(DEPRECATED) Apache Flink User Mailing List archive.

Accessing pojo fields by name in flink

Classic

List

Threaded

2 messages Options

Frank Wilson

Accessing pojo fields by name in flink

Hi,

So far I’ve been developing my flink pipelines using the datastream API. I have a pipeline that calculates windowed statistics on a given pojo field. Ideally I would like this field to be user configurable via a config file. To do this I would need to extract pojo fields by name. The Table API seems to have the facilities to do this. I gather datastreams can be converted to Tables. Is it sensible to convert to tables in the middle of my datastream pipeline to do this or is there a better way?

Thanks,

Frank

Steve Robert-2

Re: Accessing pojo fields by name in flink

Hi Frank ,

I think we have a similar case in my case I should be able to set the pojo from the outside to analyze API-REST.

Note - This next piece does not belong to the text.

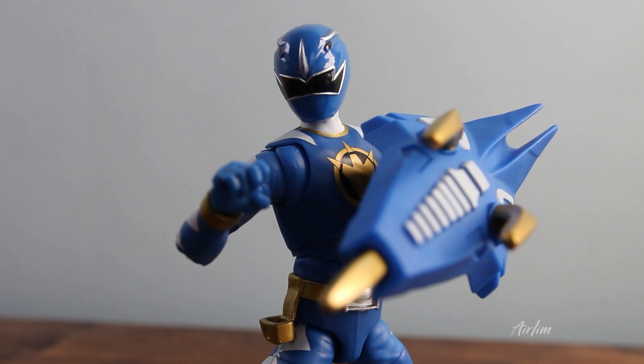I'm going to leave it there. What are your thoughts on this? Have you got this figure? Have you got Ethan? Would you collect it? What do you think of the wave so far? Let me know down below in the comments. If you like this sort of video and you want to see more, hit the like button, hit the subscribe button, as well as the cheeky notification bell to be notified when more videos drop. Thank you very much for watching and I'll catch you in the next video.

my strategy in my case and define my schema by using a JSON to convert JSON data formats to Flink Row

so for example imagine your date is something like this : public static String json = "{\"firstname\":\"steve\",\"name\":\"flink\"}";

i will define a schema pojo like this :

public static String JSON_SCHEMA = "{\n" +
        "  \"$schema\": \"http://json-schema.org/draft-04/schema#\",\n" +
        "  \"type\": \"object\",\n" +
        "  \"properties\": {\n" +
        "    \"firstname\": {\n" +
        "      \"type\": \"string\"\n" +
        "    },\n" +
        "    \"name\": {\n" +
        "      \"type\": \"string\"\n" +
        "    }\n" +
        "  },\n" +
        "  \"required\": [\n" +
        "    \"firstname\",\n" +
        "    \"name\"\n" +
        "  ]\n" +
        "}";

and create the convertion for your data like this to Row (if you want use TABLE API)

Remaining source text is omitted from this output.